:: Task data ::

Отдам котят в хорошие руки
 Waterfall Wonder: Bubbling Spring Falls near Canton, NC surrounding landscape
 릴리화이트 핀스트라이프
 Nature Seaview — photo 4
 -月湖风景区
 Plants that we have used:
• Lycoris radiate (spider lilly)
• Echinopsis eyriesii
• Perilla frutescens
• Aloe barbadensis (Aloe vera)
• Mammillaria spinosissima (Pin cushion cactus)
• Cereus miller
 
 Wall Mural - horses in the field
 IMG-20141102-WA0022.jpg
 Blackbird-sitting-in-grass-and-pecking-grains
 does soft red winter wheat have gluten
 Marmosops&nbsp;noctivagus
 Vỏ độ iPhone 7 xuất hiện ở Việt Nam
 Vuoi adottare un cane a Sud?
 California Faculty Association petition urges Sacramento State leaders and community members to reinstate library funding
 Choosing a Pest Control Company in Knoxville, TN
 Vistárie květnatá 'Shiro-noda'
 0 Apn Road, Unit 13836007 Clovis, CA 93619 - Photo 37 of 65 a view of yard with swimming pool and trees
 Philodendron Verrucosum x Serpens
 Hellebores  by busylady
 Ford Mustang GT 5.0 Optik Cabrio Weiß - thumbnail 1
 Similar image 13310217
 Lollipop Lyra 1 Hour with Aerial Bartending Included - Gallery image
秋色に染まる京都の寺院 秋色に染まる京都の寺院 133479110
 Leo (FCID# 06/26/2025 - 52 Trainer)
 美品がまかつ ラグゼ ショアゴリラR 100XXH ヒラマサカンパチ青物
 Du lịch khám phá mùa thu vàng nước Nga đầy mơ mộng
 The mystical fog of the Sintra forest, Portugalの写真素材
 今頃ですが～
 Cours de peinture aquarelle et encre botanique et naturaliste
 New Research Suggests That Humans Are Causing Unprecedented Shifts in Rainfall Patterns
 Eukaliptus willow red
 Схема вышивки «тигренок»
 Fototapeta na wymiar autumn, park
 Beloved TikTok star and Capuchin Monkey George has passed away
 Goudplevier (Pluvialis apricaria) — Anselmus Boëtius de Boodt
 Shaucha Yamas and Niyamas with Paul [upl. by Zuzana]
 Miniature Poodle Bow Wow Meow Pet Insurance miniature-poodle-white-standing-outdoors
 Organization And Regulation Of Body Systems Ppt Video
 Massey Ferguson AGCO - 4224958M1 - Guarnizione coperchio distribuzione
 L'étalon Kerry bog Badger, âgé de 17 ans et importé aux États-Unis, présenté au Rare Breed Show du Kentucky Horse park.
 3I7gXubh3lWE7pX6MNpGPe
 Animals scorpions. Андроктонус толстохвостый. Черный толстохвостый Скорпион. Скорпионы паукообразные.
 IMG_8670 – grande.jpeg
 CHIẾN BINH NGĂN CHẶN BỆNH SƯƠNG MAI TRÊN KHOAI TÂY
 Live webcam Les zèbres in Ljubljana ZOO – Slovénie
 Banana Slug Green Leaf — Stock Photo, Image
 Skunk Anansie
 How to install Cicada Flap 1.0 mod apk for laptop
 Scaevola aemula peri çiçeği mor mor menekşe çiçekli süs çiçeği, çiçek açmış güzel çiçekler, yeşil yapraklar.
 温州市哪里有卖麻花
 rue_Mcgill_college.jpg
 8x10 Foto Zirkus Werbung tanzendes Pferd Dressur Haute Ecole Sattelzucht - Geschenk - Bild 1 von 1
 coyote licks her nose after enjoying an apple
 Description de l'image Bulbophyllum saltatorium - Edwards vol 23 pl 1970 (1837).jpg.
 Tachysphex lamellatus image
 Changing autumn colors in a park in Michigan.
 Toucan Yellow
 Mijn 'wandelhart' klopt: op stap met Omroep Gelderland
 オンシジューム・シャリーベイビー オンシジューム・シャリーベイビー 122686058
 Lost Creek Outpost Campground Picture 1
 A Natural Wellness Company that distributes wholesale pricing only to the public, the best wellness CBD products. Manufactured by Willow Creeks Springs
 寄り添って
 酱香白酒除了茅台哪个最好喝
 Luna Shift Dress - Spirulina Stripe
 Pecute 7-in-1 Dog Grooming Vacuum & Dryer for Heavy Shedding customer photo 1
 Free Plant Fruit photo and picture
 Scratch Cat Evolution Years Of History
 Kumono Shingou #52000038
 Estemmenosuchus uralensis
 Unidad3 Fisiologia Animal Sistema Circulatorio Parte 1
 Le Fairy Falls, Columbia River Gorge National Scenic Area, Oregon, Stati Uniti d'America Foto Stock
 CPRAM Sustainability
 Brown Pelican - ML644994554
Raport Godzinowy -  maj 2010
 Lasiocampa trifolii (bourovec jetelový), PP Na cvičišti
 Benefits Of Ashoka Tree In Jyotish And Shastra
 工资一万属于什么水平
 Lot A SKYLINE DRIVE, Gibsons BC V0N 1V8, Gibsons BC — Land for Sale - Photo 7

:: Directions for this task ::
Exactly the lines from the one containing "Lasiocampa trifolii (bourovec" through the last line of the material above are to be returned, with nothing else.

:: Written response ::
 Lasiocampa trifolii (bourovec jetelový), PP Na cvičišti
 Benefits Of Ashoka Tree In Jyotish And Shastra
 工资一万属于什么水平
 Lot A SKYLINE DRIVE, Gibsons BC V0N 1V8, Gibsons BC — Land for Sale - Photo 7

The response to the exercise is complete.